Public cloud got rehabilitated in framing. Reported +11% Q4 / +3% FY26 are largely a Spot-divestiture comp story; ex-Spot growth was +18% YoY in both Q4 and FY26, with first-party/marketplace cloud storage services at +30% YoY in FY26. Keystone at +65% FY revenue growth and 88% RPO growth is the cleanest growth metric on the print, and management framed Keystone as a "broad market shift toward consumption-based offerings" — more durable than a pricing-driven response to NAND inflation.
Risk language remains present for a record quarter: "we recognize the potential for pockets of demand driven by accelerated purchasing" — i.e. management is flagging that part of the Q4 strength may be customers pulling forward purchases ahead of further price increases. Per Q&A, management said the Q4 P&L impact of pull-forward was minimal and the print was tied to forecasted large deals, but the FY27 guide "factored risks of pull-ins" — it is the cleanest signal that the FY27 +8% revenue guide includes meaningful conservatism.
Recurring themes management leaned on this quarter:
Risks management surfaced:
Q&A highlights
David Vogt · UBS
Demand strength and linearity in flash segment; impact of price changes on demand cadence across quarters
Strong momentum driven by enterprise AI readiness across all segments.

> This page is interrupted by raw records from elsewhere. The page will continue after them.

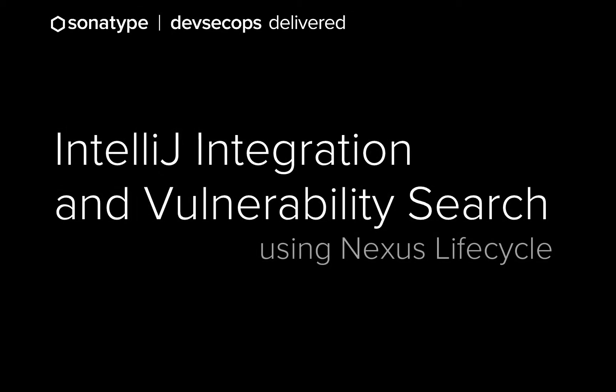Hi, I'm Stefania Chaplin, and as part of the DevSecOps Delivered series, I'm going to talk about the IntelliJ integration and vulnerability search.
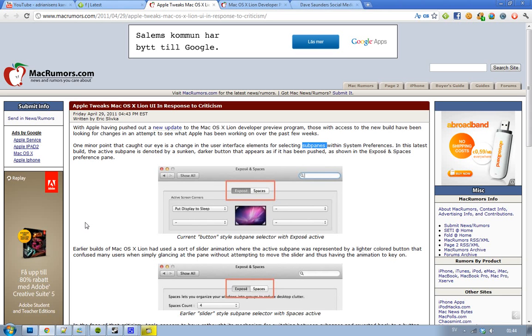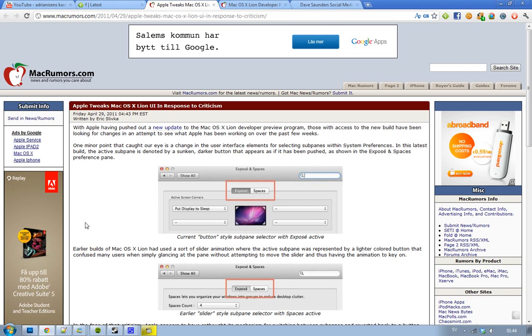Hey guys, just letting you know that if you didn't know already, Apple have released a new update to their Mac OS 10.7 developer program. This is developer preview number 2, build number 3. So if you're wondering about some changes that Apple could have made in this release...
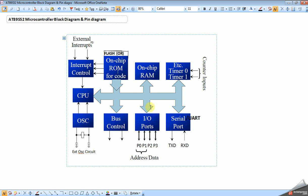Next is I/O ports. I/O port means input output ports. I/O ports are used to interface different input and output devices to the microcontroller externally. There are four ports in 8051 family microcontrollers: Port 0, Port 1, Port 2, and Port 3. Each port has 8 pins, so total we have 32 GPIO pins.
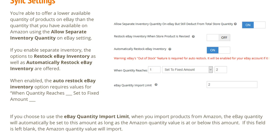When enabled, the Auto Restock eBay Inventory option requires values for when quantity reaches, set to a fixed amount. If you choose to use the eBay quantity import limit when you import products from Amazon, the eBay quantity will automatically be set to this amount as long as the Amazon quantity value is at or below this amount. If this field is left blank, the Amazon quantity value will import.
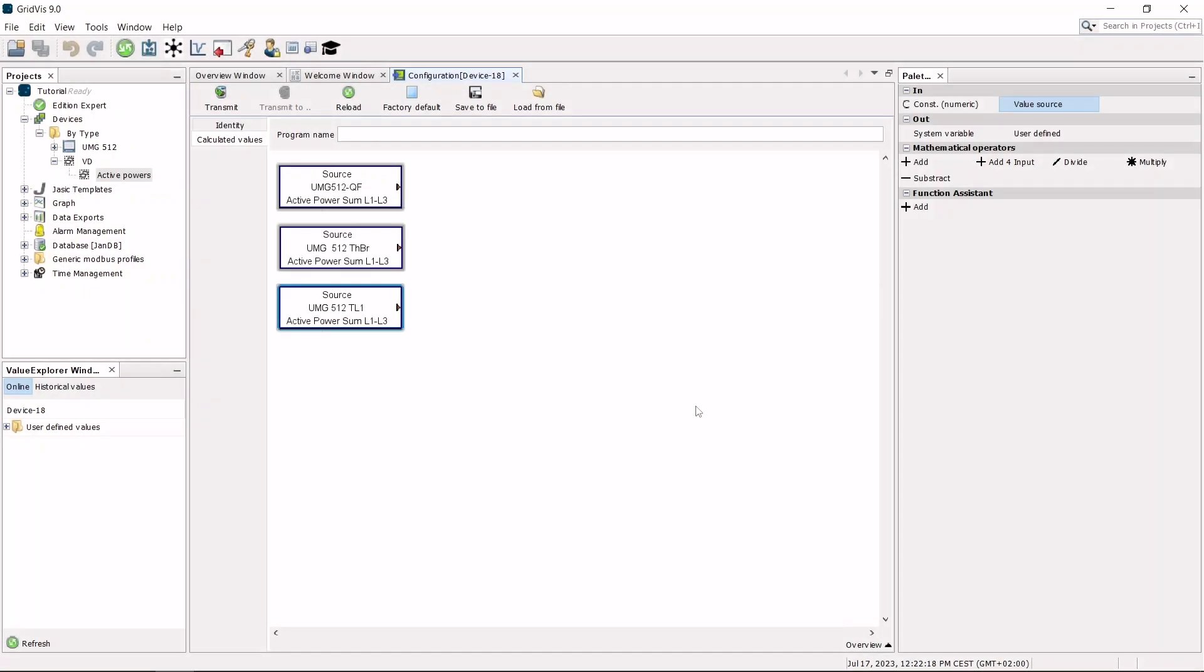Define the output variable. Output variables of a virtual device are either user defined or use a system variable. Make sure that the value type of the output variable corresponds to the value type of the inputs.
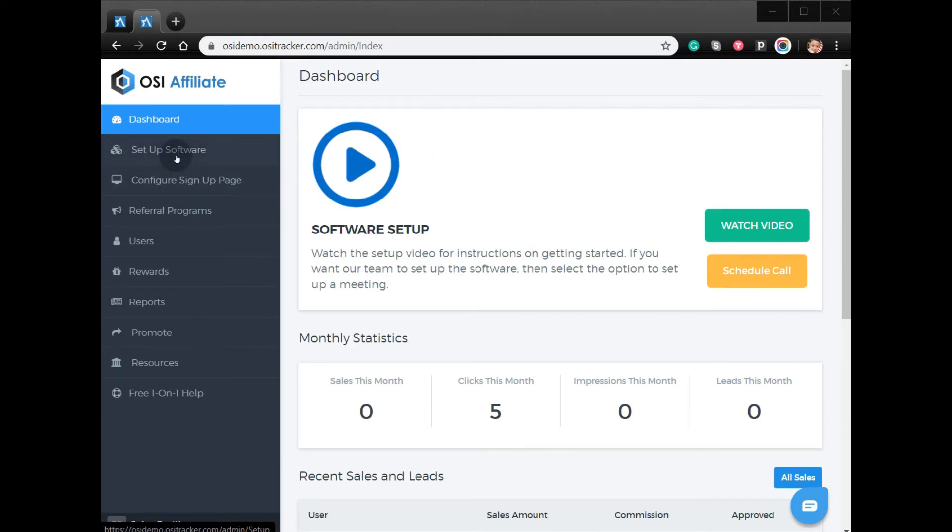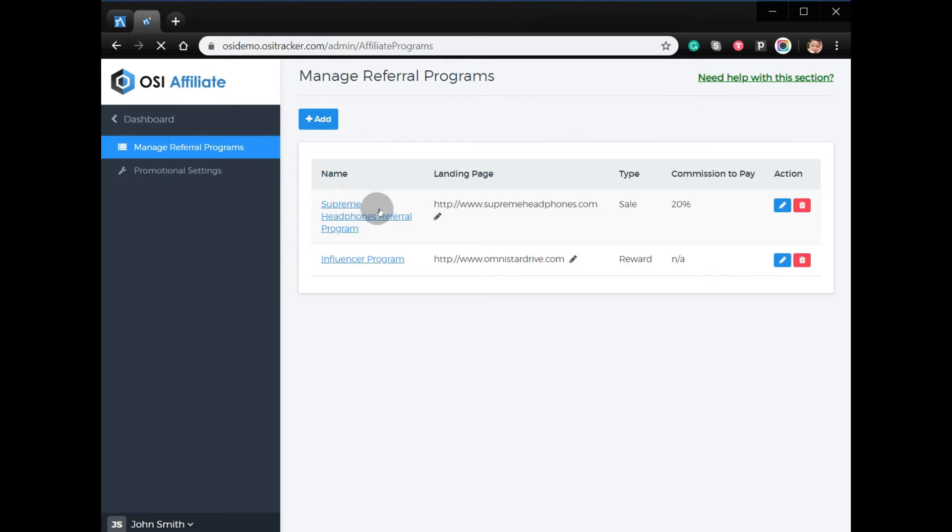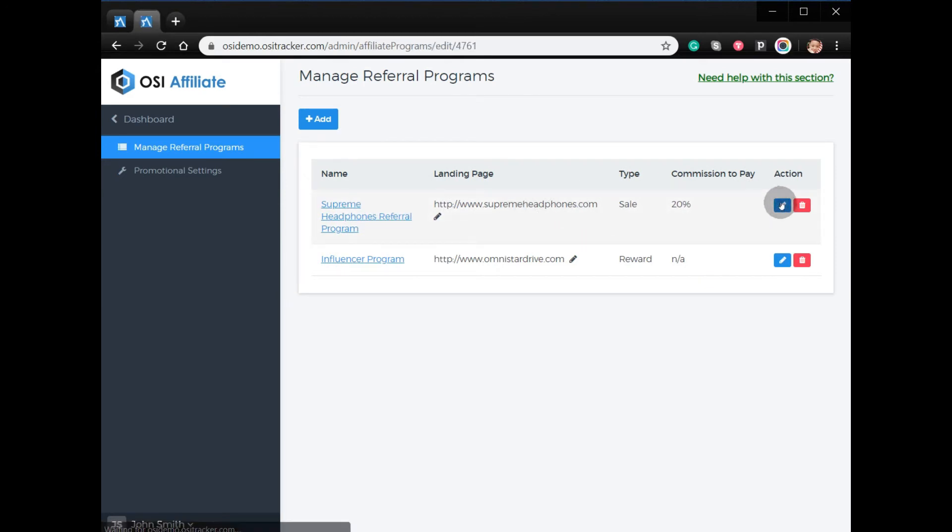Click Referral Programs, select the referral program, and click the pencil icon below Action.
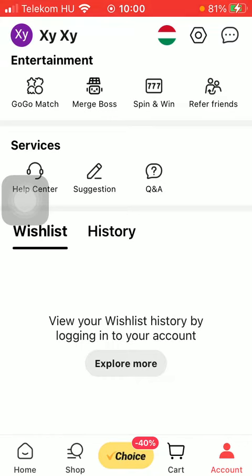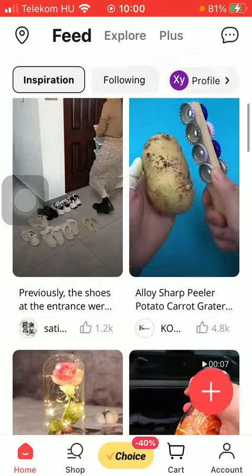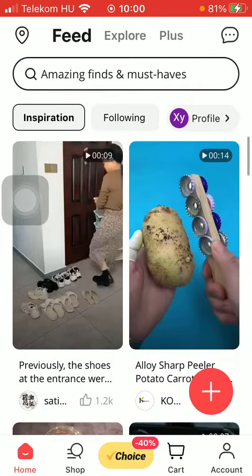Now let's jump into it. First of all, open the app on your phone, tap on the home button down below on the left side corner of the page, and then you can use the search bar to look for accounts that you are interested in.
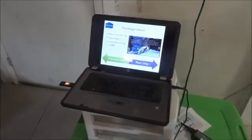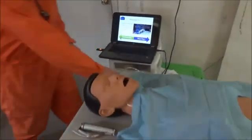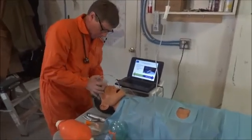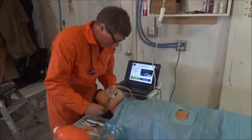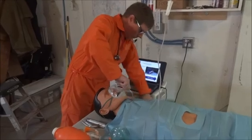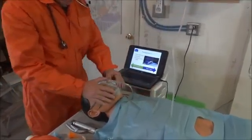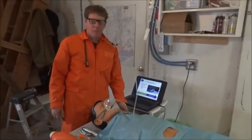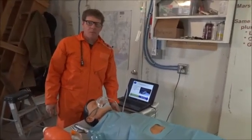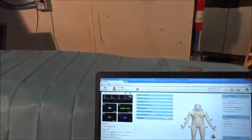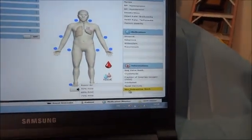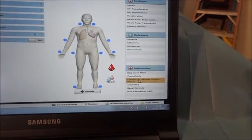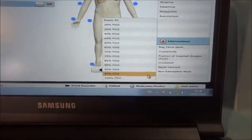The next step of the simulation is pre-oxygenation. The participant is required to give the astronaut some oxygen, in this case with a non-rebreather mask. He's going to have to leave the mask for at least three minutes in order to give enough oxygen to the patient before the induction. While the mannequin is receiving oxygen, on the simulator I'm going to select non-rebreather mask and then set the FiO2 to 100%.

Accelerated decision-making seen but minimal pull-forward impact on Q4 P&L. Results tied to forecasted large deals. Strong outlook for fiscal year driven by confidence in enterprise AI positioning.
Amit Daryani · Evercore ISI
All-flash array growth drivers (ASP vs unit growth); AI business performance; attach rates between AI compute and high-performance storage
500 AI wins in Q4, 1,100 for full year vs. 400 prior year. All-flash elements (high performance, capacity, block storage) performed strongly. Non-AI environments showing hybrid flash adoption. Both all-flash and hybrid grew, with all-flash particularly strong in AI use cases.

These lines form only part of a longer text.